Belfast Telegraph

Saturday 27 December 2014

Drifting satellite risk to cable TV

A TV satellite is drifting out of control above Earth
A TV satellite is drifting out of control above Earth

A TV communications satellite is drifting out of control thousands of miles above the Earth, threatening to wander into another satellite's orbit and interfere with cable programming across the US, the satellites' owners said.

Communications company Intelsat said it lost control of the Galaxy 15 satellite on April 5, possibly because the satellite's systems were knocked out by a solar storm.

Intelsat cannot remotely steer the satellite to remain in its orbit, so Galaxy 15 is creeping towards the adjacent path of another TV communications satellite that serves US cable companies.

Galaxy 15 continues to receive and transmit satellite signals and they will probably overlap and interfere with signals from the second satellite, known as AMC 11, if Galaxy 15 drifts into its orbit as expected around May 23, according to the two satellite companies.

AMC 11 receives digital programming from cable television channels and transmits it to all US cable systems from its orbit 22,000 miles above the equator, SES World Skies said. It operates on the same frequencies as Galaxy 15.

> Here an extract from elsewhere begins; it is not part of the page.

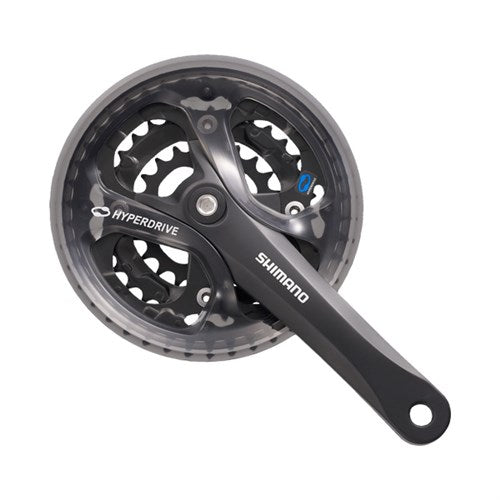 Shimano Cranket ACERA 22 32 42T 7 8 Speed M361 - -4mm EFCM361CL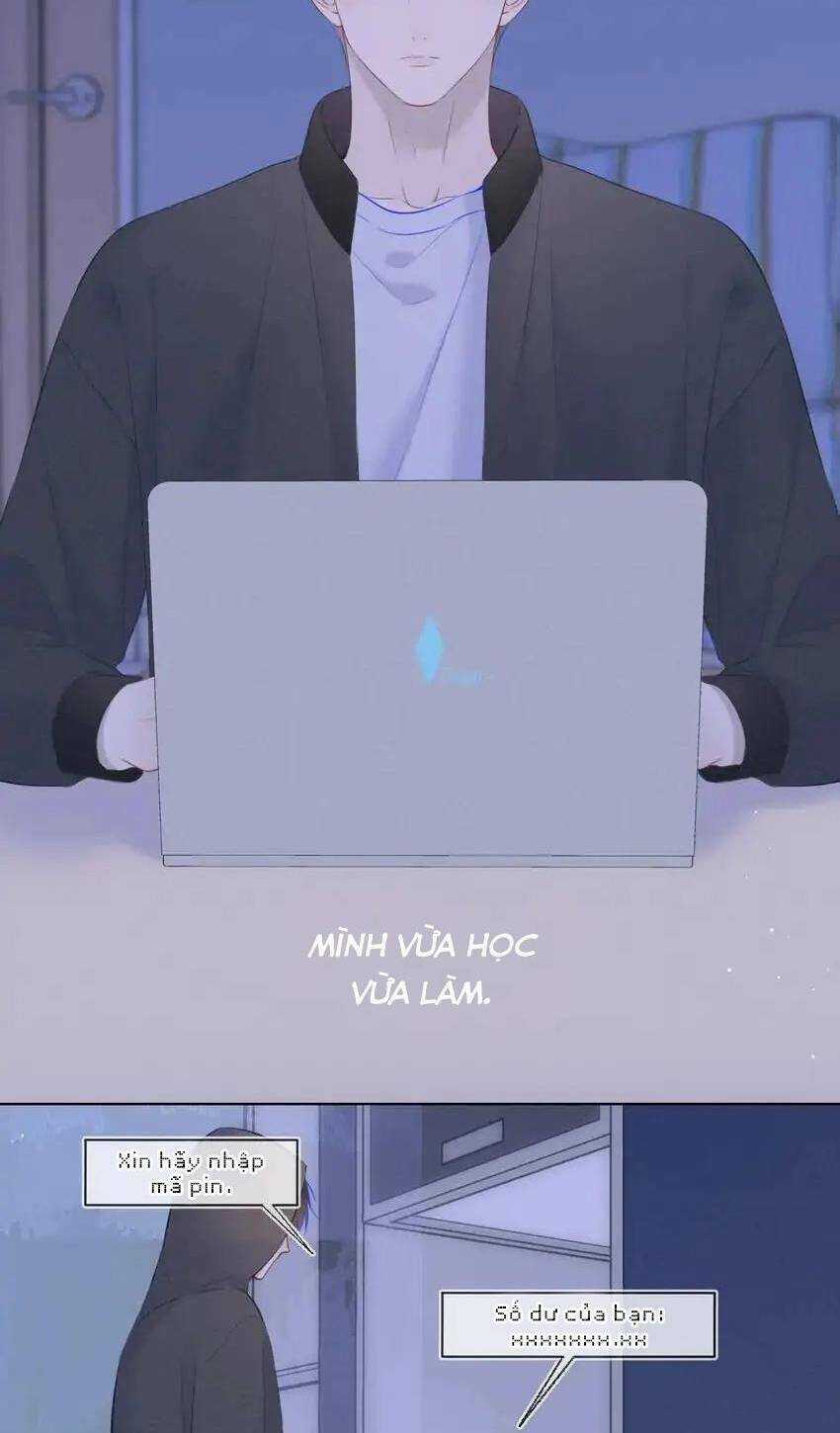 Ngôi Sao Cho Tôi Chapter 120 trang 38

"That fact means that there is likely to be some kind of interference," Yves Feltes, a spokesman for AMC 11 owner SES World Skies, said. "Our aim is to bring any interference down to zero." He would not name any of the cable television channels or providers that could be affected or say how long the interference could last.

DirecTV, the largest US satellite TV company, said it will not be affected. Comcast said it is monitoring the situation. Cox Communications said it could not immediately specify if its service will be affected and Dish Network, Time Warner Cable, Charter Communications and Cablevision Systems had no statements on the matter or did not return calls seeking comment.

Galaxy 15 was floating over the Pacific Ocean slightly to the east of Hawaii, said Emmet Fletcher, space surveillance and tracking manager for the Space Situational Awareness Programme at the European Space Agency, an 18-nation consortium.

He said Galaxy 15 was highly unusual because it continued to send out television signals, unlike other malfunctioning satellites that automatically went into complete shutdown when their navigational systems malfunctioned.

The dead satellites are still a threat to other satellites, but less of one than Galaxy 15 poses, Mr Fletcher said. "They'll just cruise around the geobelt, drifting wherever they go, potentially causing havoc, when you lose control of them," he said. The geobelt is the relatively narrow band of space where satellites can move in orbits that allow them to appear stationary in the sky in relation to specific points on Earth.